Il faut bien comprendre que de telles « techniques » doivent être adaptées à la situation. La manipulation de la relation est un art d'adaptation. La technique utilisée doit  nécessairement être en congruence avec ce qu'il est possible de faire dans la situation.

 

Il faut bien voir aussi que ces manières de faire doivent passer inaperçues. Elles sont essentiellement de l'ordre de l'implicite, du non verbalisé et du paralangage. Si elles étaient explicitées, verbalisées, elles perdraient leur puissance de transformation de la situation. L'influence est un phénomène de l'ordre de l'implicite. La force du manipulateur, c'est de ne pas être démasqué, de faire son travail sous couvert de banalité.

 

Les bonnes manières d'exercer l'autorité

 

Dans une entreprise, un manager qui veut créer la confiance doit penser que ce sont ses propres manières d’exercer l’autorité qui vont favoriser le lien de confiance avec son collaborateur.

 

C’est pourquoi il s’efforce de ne pas être autocrate, autoritaire et punitif. Au contraire, s’il veut avoir en retour cette fameuse confiance, il va pratiquer le dialogue, la négociation et la délégation bien encadrée.

 

Ces manières de faire sont des preuves de confiance qui doivent, normalement, amener en retour la confiance. Moins le chef est autocrate, plus il laisse de liberté dans les initiatives positives, plus il génère ce sentiment positif.

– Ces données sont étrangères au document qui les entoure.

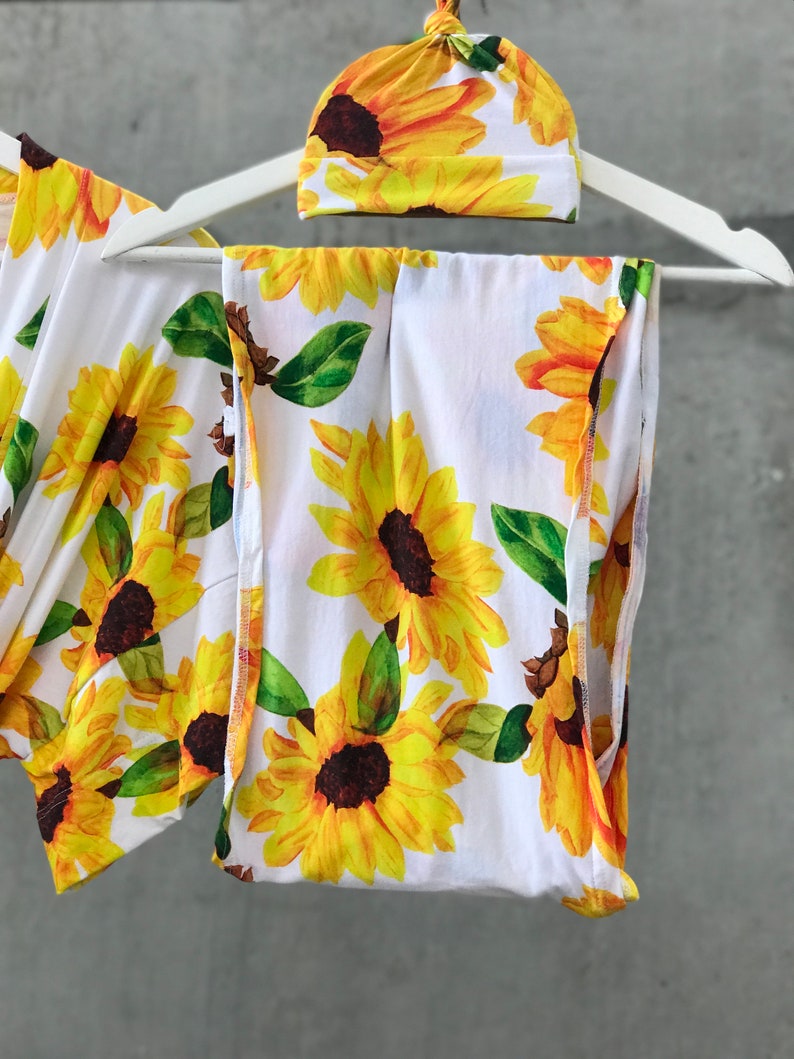 Mommy and Me Robe and Swaddle Set. Fall. Autumn. Sun Flower. Etsy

Par ailleurs, plus le chef est serein, plus il peut générer le sentiment de confiance chez ses subordonnés

 

Ce qu’il doit donc s’efforcer de faire :

  • déléguer le plus possible en rendant les conditions de la délégation favorables à une bonne autonomie ;

  • permettre aux collaborateurs de prendre des risques sans qu’ils encourent automatiquement une sanction  ou une mise à l’écart s’ils se trompent ;

  • faire tout de même sentir aux collaborateurs qu’il ne faut pas prendre de risques inconsidérés. Leur donner des tâches avec des objectifs clairs de réussite ;

  • répondre, la plupart du temps favorablement, aux initiatives des collaborateurs en s’assurant qu’elles sont bien cadrées. Encourager même ces initiatives ;

  • féliciter publiquement les collaborateurs qui ont réussi une délégation donnée et analyser devant tous les conditions de leur succès ;

  • se montrer serein face aux problèmes qui arrivent et qui touchent toute l’équipe : « on est habitué, cela est normal, on va trouver les solutions », faut-il dire alors.

 

Nous voyons bien qu’à travers ces conduites, le chef « positionne » son collaborateur comme « digne de confiance ». En conséquence, nous avons aussitôt ce qu’il doit éviter de faire.

 

Il doit éviter de :

  • sanctionner dès la première faute et dès que l’on juge que le travail ne va pas comme il faudrait.

  • donner des ordres cassants et définitifs, sans qu’il y ait d’explication concernant les conditions et les objectifs réels.

  • donner des délégations tellement encadrées que ce sont quasiment des procédures rigides que le collaborateur doit suivre.

  • faire des remontrances publiques sur le travail mal fait en expliquant toutes les fautes qui ont été commises.

  • se montrer fébrile et anxieux face aux mauvaises nouvelles qui peuvent arriver de la hiérarchie ou des partenaires internes.

  •  

Toutes ces manières de faire et ces attitudes montrent bien une mise à distance, un rejet, un manque de confiance.

 

Conclusion : positionner l’autre comme « digne de considération »

 

Par delà les techniques relationnelles pour créer la bonne relation que nous avons listées, il existe un mécanisme sous jacent qui mène à la création du lien positif : c’est le mécanisme de la construction de l’autre comme digne de considération.